**WORK TASK:** Pull out of the data below the stretch of lines bounded by the one containing "2755 Kelton Ave - Photo 7" and the one containing "FOTO: Flickr", both bounds included, unchanged.

**PROVIDED MATERIAL:**
<<<<

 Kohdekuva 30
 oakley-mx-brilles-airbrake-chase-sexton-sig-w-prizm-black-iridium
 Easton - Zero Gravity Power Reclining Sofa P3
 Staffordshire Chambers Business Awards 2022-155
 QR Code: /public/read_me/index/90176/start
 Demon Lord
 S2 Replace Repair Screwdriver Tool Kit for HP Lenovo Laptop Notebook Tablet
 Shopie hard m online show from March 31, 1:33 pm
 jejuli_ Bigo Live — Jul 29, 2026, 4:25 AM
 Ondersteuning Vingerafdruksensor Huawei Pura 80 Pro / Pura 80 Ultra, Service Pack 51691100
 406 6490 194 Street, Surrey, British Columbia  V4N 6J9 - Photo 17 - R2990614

>>>>
<<<<

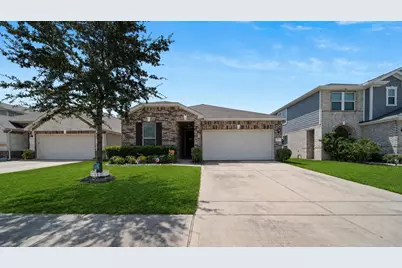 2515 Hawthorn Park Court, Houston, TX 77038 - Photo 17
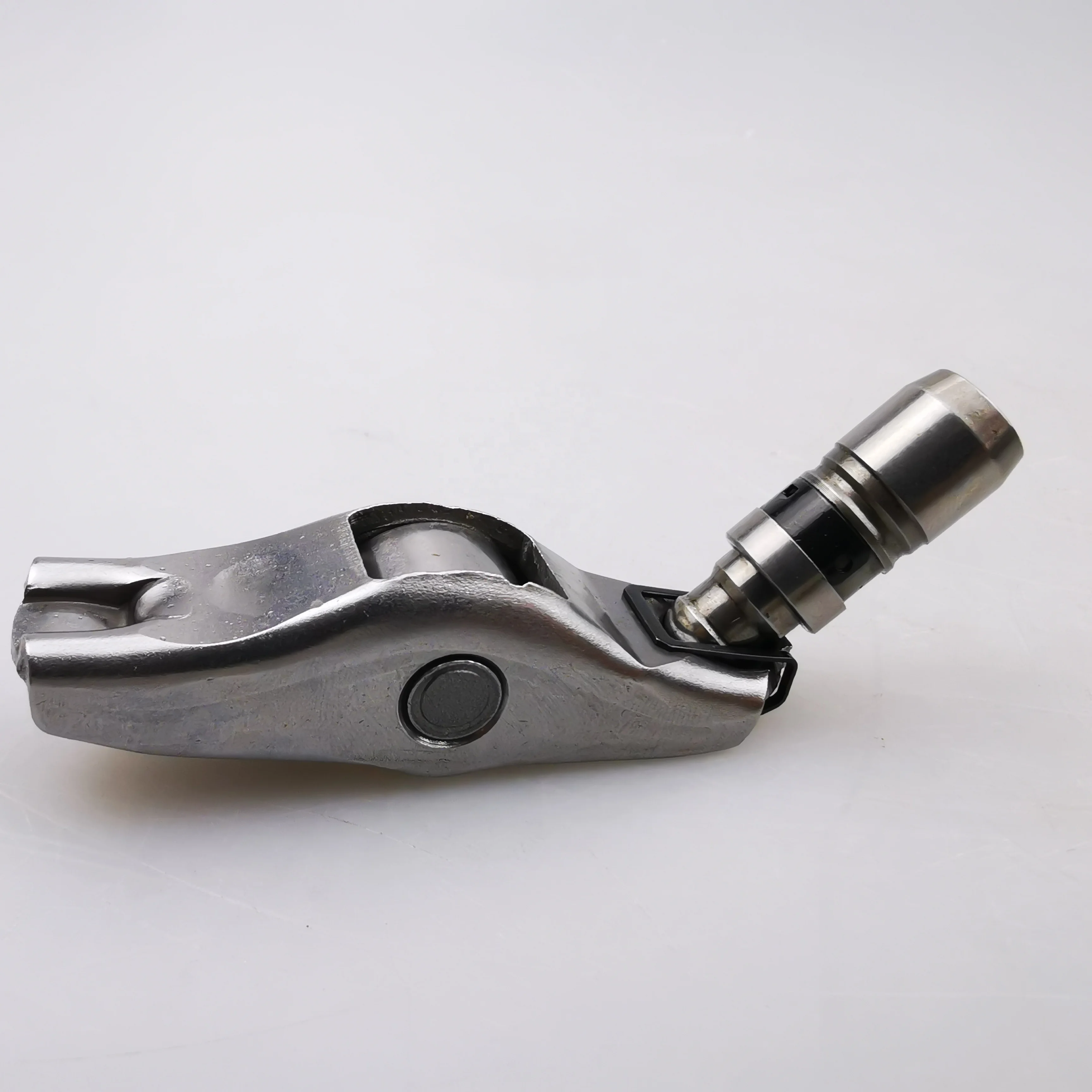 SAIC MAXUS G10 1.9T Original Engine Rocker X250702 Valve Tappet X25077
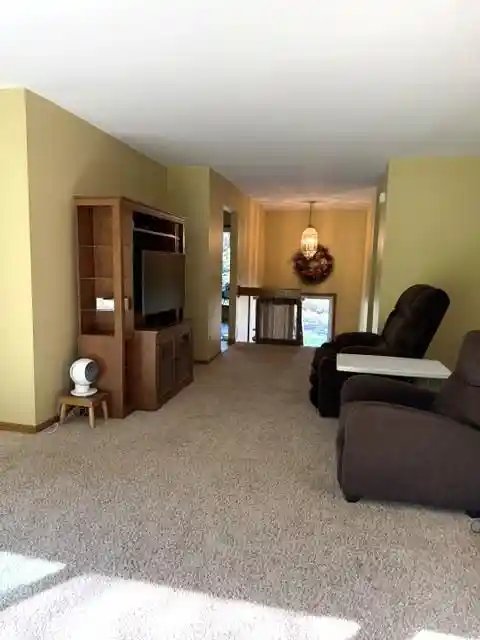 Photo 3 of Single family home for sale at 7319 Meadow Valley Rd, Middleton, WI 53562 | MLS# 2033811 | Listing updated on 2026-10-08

>>>>
<<<<

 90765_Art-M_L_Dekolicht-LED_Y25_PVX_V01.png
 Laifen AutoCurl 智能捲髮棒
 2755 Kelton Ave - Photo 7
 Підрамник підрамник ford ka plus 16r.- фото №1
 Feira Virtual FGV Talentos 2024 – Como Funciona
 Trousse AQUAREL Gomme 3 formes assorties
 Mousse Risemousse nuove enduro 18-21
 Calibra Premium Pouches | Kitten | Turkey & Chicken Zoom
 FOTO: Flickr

>>>>

**WRITTEN ANSWER:**
 2755 Kelton Ave - Photo 7
 Підрамник підрамник ford ka plus 16r.- фото №1
 Feira Virtual FGV Talentos 2024 – Como Funciona
 Trousse AQUAREL Gomme 3 formes assorties
 Mousse Risemousse nuove enduro 18-21
 Calibra Premium Pouches | Kitten | Turkey & Chicken Zoom
 FOTO: Flickr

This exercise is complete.